Hill farms, traditionally passed down through farming families, have in recent years found a new market; sought after by foresters searching for plantable land, they are attracting stiff competition and significant premiums.
Up until a few years ago, the demand and supply cycle for upland livestock units was low and while some followed parents and grandparents into farming, many of the next generation sought careers elsewhere. As a result, existing farmers found it hard to retire. Three or four years on, the farming challenges may still exist but the forester is urgently seeking land on which to plant trees.
The Scottish and UK governments are clear: we need more home grown timber. The change of land use from agriculture to woodland creates carbon credits, eagerly sought after by CO2 emitting corporations, aspirational institutional investors and business owners all trying to improve their environmental social and governance (ESG) standing. Timber is globally in short supply but demand is rising. Carbon and timber are indeed persuasive forces in land use.

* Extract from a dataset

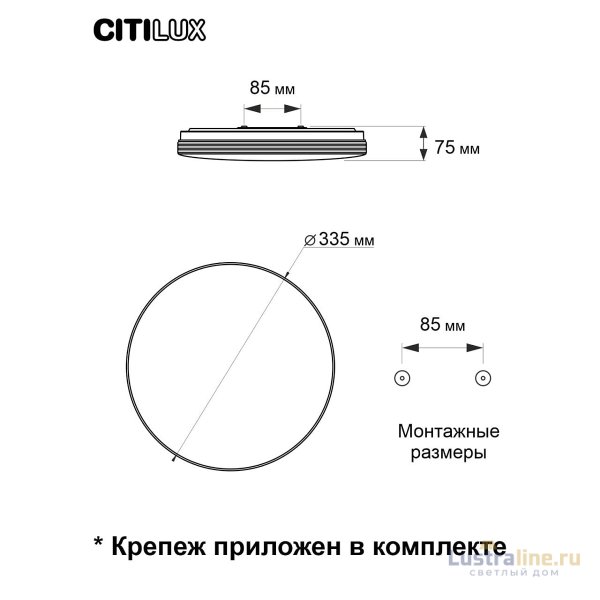 Потолочная светодиодная люстра Citilux Симпла CL714330G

The tree planter is currently paying several times the land price paid by the livestock farmer, driven by a shortage of supply and pent-up demand. Off-market sales do not reach the same premiums; therefore it is vital to bring properties to the open market in order to generate competitive bidding and secure strong prices. Where possible, the planter will look at better land lower down the hill to increase the options for tree species and crop productivity. The use of improved seed stock and Douglas fir are exciting prospects in current planting schemes.
Growing timber does not have to be at the expense of food production. The two commodities can co-exist; new woodland benefits livestock units through enhancing shelter and thus improving stock welfare and easing farm management. An open conversation is essential.